### WHAT IS BEING ASKED:
Nothing goes in the answer except the line that contains "JH4KB16576C003575 - 2006" and the lines after it to the end of the material below, unchanged.

### RECORDS SUPPLIED:
++++++++++++++++++++

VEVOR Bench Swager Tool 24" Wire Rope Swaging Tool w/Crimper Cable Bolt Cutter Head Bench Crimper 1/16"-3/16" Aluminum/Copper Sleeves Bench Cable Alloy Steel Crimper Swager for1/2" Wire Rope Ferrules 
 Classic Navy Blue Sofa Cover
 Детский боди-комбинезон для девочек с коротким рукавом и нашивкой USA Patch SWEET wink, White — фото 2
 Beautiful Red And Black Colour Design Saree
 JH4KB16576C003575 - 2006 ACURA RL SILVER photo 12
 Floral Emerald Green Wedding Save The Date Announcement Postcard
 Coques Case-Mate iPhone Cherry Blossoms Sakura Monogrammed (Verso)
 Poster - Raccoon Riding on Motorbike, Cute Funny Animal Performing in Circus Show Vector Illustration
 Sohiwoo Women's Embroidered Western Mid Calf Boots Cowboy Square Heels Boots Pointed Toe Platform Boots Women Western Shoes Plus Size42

++++++++++++++++++++

### COMPLETED TASK:
 JH4KB16576C003575 - 2006 ACURA RL SILVER photo 12
 Floral Emerald Green Wedding Save The Date Announcement Postcard
 Coques Case-Mate iPhone Cherry Blossoms Sakura Monogrammed (Verso)
 Poster - Raccoon Riding on Motorbike, Cute Funny Animal Performing in Circus Show Vector Illustration
 Sohiwoo Women's Embroidered Western Mid Calf Boots Cowboy Square Heels Boots Pointed Toe Platform Boots Women Western Shoes Plus Size42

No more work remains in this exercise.